Custom Simulation Scenarios (User Simulation / Session Retention) [New]

Metrics:

Session Retention (Time Spent)
Daily Active Users (DAU)
Trajectory similarity to human annotators
Statistical methodology: Not explicitly reported in the paper

Main Takeaways

The paper is a proposal (blueprint) and does not contain quantitative experimental results.
It argues that current offline metrics (NDCG, Recall) incentivize exploitation, whereas the proposed simulator encourages exploration by optimizing for long-term retention.
The design allows for 'instruction-following' evaluation: measuring if a recommender can successfully re-engage a user after receiving explicit negative feedback.

📚 Prerequisite Knowledge

Prerequisites

Reinforcement Learning (Environment, Agent, Reward)
Recommender Systems (Recall, NDCG)
Large Language Models (Reasoning, Context)

Key Terms

Agentic Recommender System: A recommender system that acts as an autonomous agent, capable of reasoning, planning, and actively interacting with users (e.g., following instructions) rather than just ranking items.

Exposure Bias: The tendency of a model to be biased towards items that were exposed to users in the training data, ignoring potentially relevant items that were never shown.

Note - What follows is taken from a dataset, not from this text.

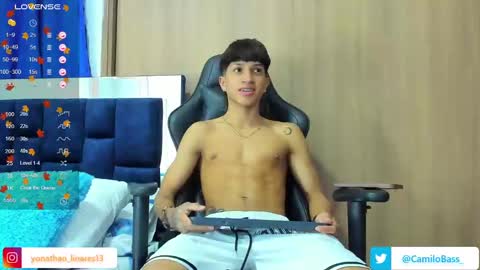 Snapshot of camilobass_ chatting on February 15, 4:03 am Camilo Bass online show from February 15, 4:03 am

Semantic ID: A method of representing items where content (video/audio/text) is encoded into a structured sequence of IDs, capturing semantic meaning in a compact vector form.

Instruction-Following Recommender: A system designed to dynamically update its recommendation strategy based on explicit natural language feedback or instructions from the user.

RAG: Retrieval-Augmented Generation—fetching relevant data (like user history) to prompt an LLM.

NDCG: Normalized Discounted Cumulative Gain—a measure of ranking quality that accounts for the position of relevant items in a list.

Recall@N: The proportion of relevant items found in the top N recommendations.

Gym: A standard interface for reinforcement learning environments developed by OpenAI.

VLM: Vision-Language Model—an AI model capable of processing and understanding both images/video and text.